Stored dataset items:

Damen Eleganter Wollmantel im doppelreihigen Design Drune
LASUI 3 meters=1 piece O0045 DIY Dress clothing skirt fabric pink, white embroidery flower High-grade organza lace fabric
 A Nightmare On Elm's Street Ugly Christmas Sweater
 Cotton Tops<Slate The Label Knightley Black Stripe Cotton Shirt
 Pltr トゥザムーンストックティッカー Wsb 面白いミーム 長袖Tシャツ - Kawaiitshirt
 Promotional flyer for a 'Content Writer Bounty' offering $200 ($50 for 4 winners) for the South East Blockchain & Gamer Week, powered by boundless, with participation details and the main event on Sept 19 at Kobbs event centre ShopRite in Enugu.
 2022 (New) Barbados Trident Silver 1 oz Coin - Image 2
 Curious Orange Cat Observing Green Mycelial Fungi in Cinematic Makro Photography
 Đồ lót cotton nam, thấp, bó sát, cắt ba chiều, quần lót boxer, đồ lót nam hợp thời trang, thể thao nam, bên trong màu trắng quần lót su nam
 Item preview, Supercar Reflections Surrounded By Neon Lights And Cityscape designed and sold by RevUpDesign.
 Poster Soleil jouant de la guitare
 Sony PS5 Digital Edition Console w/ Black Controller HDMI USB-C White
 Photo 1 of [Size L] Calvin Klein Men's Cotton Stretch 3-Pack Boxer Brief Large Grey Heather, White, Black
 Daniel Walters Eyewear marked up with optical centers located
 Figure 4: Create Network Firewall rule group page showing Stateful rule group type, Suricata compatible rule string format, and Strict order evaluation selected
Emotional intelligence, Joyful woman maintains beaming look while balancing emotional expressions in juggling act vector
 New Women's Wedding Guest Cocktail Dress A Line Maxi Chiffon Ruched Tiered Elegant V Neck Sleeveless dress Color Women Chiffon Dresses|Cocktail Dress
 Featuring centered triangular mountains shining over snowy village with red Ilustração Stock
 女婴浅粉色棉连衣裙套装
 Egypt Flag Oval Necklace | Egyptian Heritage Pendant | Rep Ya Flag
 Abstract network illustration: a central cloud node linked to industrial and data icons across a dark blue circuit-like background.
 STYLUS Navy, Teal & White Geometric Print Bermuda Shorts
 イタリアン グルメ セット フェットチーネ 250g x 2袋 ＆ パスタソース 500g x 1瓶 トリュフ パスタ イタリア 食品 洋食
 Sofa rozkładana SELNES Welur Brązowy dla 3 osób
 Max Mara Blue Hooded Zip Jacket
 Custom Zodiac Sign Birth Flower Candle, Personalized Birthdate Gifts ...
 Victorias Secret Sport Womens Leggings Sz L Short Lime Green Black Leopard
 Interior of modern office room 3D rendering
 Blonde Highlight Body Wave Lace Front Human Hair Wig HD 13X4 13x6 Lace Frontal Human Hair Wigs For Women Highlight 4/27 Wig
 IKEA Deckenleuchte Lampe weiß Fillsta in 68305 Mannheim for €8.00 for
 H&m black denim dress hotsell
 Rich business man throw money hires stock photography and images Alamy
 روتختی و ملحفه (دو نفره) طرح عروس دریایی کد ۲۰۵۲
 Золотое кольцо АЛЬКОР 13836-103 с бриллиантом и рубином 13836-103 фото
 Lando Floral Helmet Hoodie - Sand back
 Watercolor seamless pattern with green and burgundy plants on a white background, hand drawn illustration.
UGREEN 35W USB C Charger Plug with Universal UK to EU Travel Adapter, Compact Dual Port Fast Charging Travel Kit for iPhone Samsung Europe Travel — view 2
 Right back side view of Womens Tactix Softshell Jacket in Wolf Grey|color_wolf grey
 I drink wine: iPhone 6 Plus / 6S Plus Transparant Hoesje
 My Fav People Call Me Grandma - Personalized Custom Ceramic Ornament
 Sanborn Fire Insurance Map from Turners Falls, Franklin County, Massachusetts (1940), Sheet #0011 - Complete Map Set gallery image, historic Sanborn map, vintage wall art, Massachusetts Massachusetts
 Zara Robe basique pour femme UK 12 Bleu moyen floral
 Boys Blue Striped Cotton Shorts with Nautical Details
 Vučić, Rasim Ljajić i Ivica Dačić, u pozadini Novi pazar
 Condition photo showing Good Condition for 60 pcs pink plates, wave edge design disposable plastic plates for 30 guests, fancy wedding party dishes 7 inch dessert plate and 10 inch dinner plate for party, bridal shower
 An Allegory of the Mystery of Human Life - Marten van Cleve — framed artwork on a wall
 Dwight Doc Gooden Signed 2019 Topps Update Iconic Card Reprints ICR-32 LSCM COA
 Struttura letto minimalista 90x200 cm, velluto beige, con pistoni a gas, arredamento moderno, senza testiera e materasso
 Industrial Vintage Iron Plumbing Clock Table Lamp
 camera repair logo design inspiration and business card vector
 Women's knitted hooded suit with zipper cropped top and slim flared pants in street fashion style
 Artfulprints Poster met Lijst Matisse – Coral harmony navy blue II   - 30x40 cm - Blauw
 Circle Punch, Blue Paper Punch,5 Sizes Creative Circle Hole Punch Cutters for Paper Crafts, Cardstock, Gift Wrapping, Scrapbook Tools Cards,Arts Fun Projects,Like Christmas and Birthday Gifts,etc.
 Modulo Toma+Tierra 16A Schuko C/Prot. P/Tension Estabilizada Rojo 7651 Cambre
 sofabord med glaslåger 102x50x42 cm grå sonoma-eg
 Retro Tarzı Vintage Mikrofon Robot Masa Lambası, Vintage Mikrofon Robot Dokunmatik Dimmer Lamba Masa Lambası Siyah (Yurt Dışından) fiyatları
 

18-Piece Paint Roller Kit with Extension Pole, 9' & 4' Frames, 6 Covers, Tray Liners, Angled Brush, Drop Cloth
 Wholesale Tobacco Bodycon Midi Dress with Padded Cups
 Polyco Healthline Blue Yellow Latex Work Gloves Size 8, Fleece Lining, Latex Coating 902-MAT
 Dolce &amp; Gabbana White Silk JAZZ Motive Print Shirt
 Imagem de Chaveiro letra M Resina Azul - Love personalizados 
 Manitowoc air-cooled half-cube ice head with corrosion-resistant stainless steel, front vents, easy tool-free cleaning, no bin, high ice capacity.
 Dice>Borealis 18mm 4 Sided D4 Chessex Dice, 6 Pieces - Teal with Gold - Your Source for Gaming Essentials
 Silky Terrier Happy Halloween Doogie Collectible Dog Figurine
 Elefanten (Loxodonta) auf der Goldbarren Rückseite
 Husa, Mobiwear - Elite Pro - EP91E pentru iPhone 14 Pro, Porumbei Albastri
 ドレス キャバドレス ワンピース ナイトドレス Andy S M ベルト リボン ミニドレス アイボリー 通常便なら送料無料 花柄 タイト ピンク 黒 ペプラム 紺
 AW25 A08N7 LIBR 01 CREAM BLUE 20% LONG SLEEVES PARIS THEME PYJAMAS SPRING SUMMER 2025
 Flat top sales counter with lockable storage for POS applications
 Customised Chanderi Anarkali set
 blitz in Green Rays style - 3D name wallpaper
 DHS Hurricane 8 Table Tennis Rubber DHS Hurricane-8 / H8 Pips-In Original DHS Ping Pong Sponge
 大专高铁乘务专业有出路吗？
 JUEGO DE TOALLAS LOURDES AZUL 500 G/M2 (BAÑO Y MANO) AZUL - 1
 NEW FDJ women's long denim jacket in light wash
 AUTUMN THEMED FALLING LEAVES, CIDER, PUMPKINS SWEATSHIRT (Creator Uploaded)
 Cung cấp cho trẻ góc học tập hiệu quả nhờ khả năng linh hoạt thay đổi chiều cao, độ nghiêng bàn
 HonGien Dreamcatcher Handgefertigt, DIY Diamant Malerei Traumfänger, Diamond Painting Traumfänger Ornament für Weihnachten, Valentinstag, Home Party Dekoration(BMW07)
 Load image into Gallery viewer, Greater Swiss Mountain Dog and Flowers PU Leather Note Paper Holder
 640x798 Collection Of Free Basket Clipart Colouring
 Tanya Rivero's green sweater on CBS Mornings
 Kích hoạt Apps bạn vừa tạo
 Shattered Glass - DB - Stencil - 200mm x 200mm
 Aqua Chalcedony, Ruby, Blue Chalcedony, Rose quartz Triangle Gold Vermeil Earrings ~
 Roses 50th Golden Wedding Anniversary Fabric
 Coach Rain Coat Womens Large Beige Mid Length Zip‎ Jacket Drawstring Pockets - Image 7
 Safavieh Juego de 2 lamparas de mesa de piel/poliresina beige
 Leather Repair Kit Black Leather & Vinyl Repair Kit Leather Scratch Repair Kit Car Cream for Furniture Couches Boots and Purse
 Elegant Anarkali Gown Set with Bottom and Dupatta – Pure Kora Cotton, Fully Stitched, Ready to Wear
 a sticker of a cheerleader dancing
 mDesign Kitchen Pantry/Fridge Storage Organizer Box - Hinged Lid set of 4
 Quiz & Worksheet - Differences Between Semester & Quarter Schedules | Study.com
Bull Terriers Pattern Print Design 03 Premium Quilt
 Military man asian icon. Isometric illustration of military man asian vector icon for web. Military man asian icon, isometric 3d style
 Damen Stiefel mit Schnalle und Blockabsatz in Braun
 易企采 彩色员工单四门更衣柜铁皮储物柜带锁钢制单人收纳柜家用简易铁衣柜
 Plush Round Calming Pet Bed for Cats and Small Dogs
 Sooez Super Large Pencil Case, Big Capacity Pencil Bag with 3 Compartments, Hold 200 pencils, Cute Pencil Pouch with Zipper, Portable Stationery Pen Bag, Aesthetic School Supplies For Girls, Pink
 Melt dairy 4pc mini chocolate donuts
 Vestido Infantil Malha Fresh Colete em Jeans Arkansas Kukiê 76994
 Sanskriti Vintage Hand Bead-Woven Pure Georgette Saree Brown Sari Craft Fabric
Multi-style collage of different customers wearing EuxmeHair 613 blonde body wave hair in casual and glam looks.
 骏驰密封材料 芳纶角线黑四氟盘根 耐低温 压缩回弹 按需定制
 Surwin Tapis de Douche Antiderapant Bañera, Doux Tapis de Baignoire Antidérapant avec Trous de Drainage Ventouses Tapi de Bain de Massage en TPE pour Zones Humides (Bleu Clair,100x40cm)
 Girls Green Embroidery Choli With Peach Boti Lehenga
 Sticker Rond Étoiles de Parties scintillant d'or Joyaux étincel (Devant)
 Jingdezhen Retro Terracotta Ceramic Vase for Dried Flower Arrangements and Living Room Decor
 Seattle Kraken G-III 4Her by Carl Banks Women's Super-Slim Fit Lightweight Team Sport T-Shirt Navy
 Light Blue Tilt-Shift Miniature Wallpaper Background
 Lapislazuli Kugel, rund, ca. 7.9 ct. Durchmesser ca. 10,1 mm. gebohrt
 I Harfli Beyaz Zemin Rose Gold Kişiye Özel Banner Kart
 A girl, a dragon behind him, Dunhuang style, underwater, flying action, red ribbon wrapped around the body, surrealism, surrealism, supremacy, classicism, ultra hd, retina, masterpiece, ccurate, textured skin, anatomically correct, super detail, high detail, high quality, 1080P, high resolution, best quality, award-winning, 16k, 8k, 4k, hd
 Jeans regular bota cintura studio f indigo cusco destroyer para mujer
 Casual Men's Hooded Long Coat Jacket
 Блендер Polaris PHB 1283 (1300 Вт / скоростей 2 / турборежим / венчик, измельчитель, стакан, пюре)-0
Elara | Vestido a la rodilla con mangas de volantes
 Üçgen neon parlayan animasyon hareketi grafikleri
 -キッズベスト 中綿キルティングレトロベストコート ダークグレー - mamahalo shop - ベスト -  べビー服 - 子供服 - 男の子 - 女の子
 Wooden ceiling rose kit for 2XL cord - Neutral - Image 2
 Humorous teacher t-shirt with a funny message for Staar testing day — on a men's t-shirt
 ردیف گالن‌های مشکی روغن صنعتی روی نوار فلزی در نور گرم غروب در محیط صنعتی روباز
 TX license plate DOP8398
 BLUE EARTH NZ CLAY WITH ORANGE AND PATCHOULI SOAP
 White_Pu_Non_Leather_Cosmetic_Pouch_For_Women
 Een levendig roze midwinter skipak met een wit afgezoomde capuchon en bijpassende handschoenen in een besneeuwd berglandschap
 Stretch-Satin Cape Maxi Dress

WHAT YOU NEED TO DO. Look through the records above for the string "Jeans", then copy every line that has it.

ANSWER SECTION.
 Vestido Infantil Malha Fresh Colete em Jeans Arkansas Kukiê 76994
 Jeans regular bota cintura studio f indigo cusco destroyer para mujer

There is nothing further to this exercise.